### Work request:
Within the lines below, the span from the line with "Vancouver FC" to the line with "Гульня Become a Dentist 2 онлайн", both ends included, is to be reproduced exactly, with pictures omitted.

(Records from a collection)
* * * *

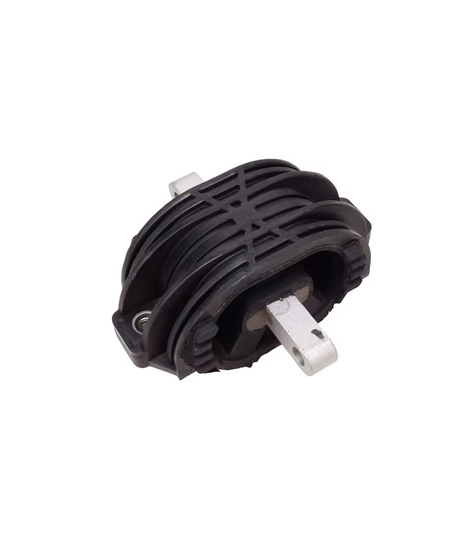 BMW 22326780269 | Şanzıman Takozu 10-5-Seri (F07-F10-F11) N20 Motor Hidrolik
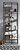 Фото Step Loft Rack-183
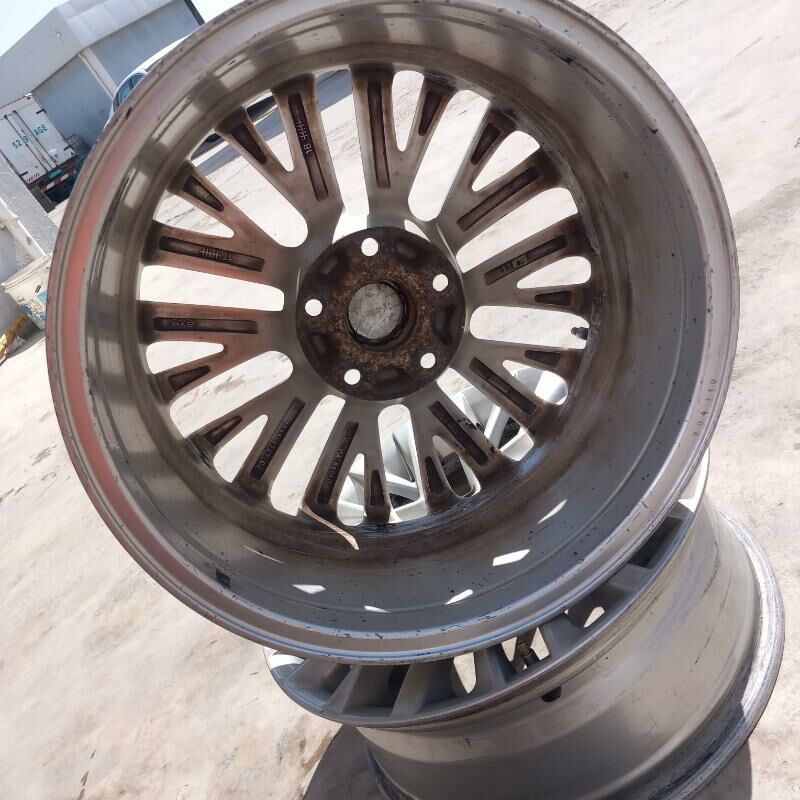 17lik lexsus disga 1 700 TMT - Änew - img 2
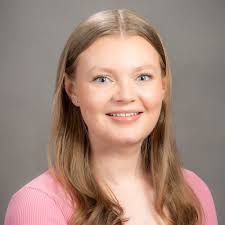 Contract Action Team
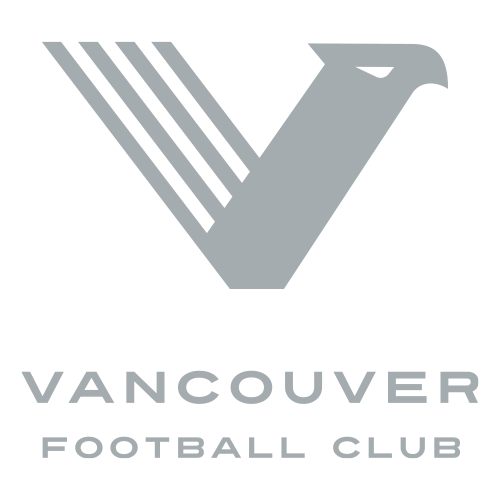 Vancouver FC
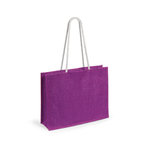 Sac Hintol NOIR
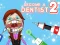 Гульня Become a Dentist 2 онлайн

* * * *

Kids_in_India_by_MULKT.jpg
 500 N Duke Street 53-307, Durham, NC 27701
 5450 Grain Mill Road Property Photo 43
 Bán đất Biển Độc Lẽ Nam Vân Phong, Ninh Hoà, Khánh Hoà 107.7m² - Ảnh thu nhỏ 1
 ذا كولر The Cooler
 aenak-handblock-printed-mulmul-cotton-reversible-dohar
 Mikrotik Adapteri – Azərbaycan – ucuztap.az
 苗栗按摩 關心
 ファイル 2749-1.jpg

* * * *

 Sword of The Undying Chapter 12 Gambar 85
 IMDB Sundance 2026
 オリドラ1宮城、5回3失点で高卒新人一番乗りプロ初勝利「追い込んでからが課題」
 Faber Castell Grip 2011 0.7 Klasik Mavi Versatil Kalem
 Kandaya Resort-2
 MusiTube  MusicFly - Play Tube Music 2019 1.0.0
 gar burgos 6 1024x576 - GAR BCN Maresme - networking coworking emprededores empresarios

* * * *

### Task solution:
 Vancouver FC
 Sac Hintol NOIR
 Гульня Become a Dentist 2 онлайн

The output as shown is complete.